Ils bloquent la conversion des androgènes en œstrogènes et diminuent ainsi de plus de 80 à 90 % le taux d’œstrogènes circulants chez la femme ménopausée.
Les anti-aromatases utilisés d’abord en cas de métastases apparues ou rebelles au tamoxifène ont démontré leur efficacité en traitement adjuvant pour anastrazole et létrozole, pour lequel ils ont une AMM. Le taux de survie sans récidives et le taux de récidives passent de 20 à 15 %.
Le létrozole donné après 5 ans de tamoxifène, surtout chez les patientes ganglions positifs, prolonge la survie sans récidive.

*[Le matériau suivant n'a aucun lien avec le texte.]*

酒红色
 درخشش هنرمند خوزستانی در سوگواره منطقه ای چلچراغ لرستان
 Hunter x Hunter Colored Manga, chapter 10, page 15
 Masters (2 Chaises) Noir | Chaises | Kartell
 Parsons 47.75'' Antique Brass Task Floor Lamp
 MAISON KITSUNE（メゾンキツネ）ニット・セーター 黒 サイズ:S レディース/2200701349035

Les anti-aromatases peuvent aussi être prescrites après 3 ans de tamoxifène en relais pour une durée de 3 à 7 ans. L’aromasine a l’AMM pour cela ; c’est plus efficace que le tamoxifène pendant 5 ans.
Les effets secondaires doivent être connus des patientes : douleurs ostéoarticulaires (30 % des cas), fractures par ostéoporose, accidents cardiovasculaires.
Le risque d’accidents thromboemboliques est plus faible que sous tamoxifène (1,8 % au lieu de 2,2 %).
* Fulvestrant (Faslodex ®) : en injection mensuelle, il peut être utilisé en deuxième ligne après échec du tamoxifène ou des anti-aromatases.
c) Analogues de la LH-RH :
Les analogues de la LH-RH suppriment la production des œstrogènes par les ovaires chez la femme non ménopausée.
Types d’hormonothérapie | Molécules | Nom commercial |
Anti-œstrogènes SERM | Tamoxifène Torémifène | Nolvadex ®, Tamoxifène ® Fareston ® |
Anti-œstrogènes SERD | Fulvestrant | Faslodex ® |
Anti-aromatases | Létrozole Anastrozole Exémestane | Femara ® Arimidex ® Aromasine ® |
Analogues de la LH-RH | Goséréline Leuproréline | Zoladex ® Enantone ® |
Médicaments utilisés (hormonothérapie) dans le cancer du sein |
Points clés : choix du type d'hormonothérapie :
De manière générale :
Chez la femme non ménopausée :
– Les anti-œstrogènes sont le plus souvent proposés comme premier traitement pour une durée de 5 ans.
– Les agonistes de la LH-RH sont envisageables au cas par cas, sur une durée de 3 à 5 ans ;
Chez la femme ménopausée :
– les anti-aromatases sont le plus souvent proposés comme premier traitement pour une durée de 5 ans ou pendant 2 ans, suivi par un traitement par tamoxifène (pour un total de 5 ans de thérapie hormonale).
– Les anti-oestrogènes peuvent être proposés pendant 2 à 3 ans, suivis d’un inhibiteur de l’aromatase (pour un total de 5 ans de thérapie hormonale) ou, seuls, pendant 5 ans.